# INFORMATION
• • •
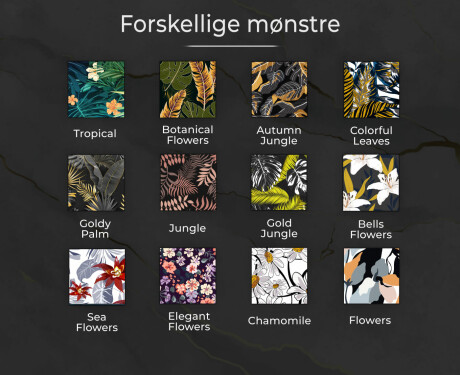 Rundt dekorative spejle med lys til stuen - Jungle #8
• • •
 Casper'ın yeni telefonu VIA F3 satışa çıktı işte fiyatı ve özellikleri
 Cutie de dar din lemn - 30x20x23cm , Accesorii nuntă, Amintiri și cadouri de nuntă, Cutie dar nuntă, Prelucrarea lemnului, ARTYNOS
• • •
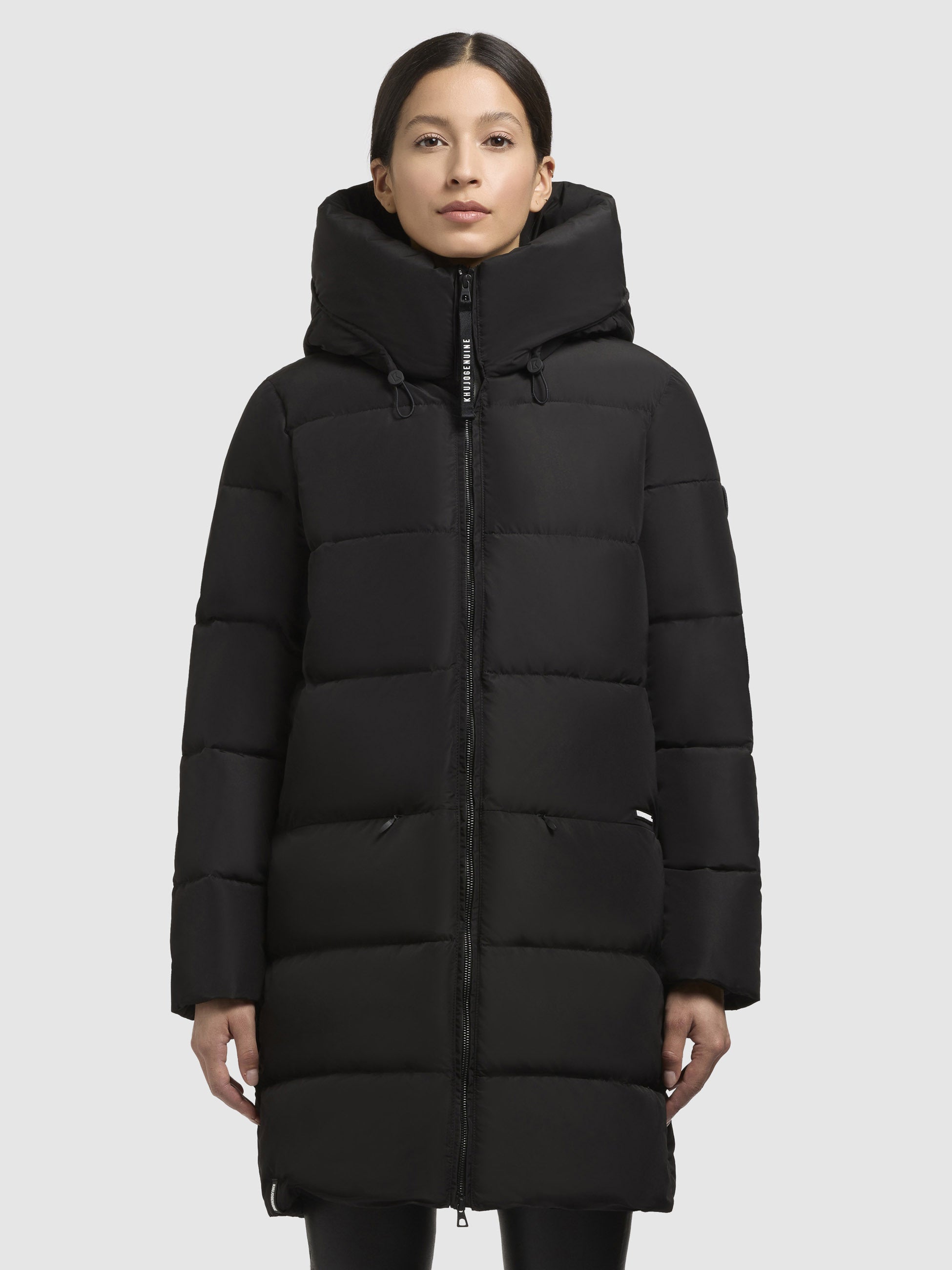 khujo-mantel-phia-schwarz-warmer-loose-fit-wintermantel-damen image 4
• • •
# WHAT YOU ARE ASKED TO DO
All lines in the listing above from the line containing "Casper'ın yeni telefonu" to the line containing "Cutie de dar", inclusive, should be retyped exactly; no other lines should appear.

# RESULT OF THE TASK
 Casper'ın yeni telefonu VIA F3 satışa çıktı işte fiyatı ve özellikleri
 Cutie de dar din lemn - 30x20x23cm , Accesorii nuntă, Amintiri și cadouri de nuntă, Cutie dar nuntă, Prelucrarea lemnului, ARTYNOS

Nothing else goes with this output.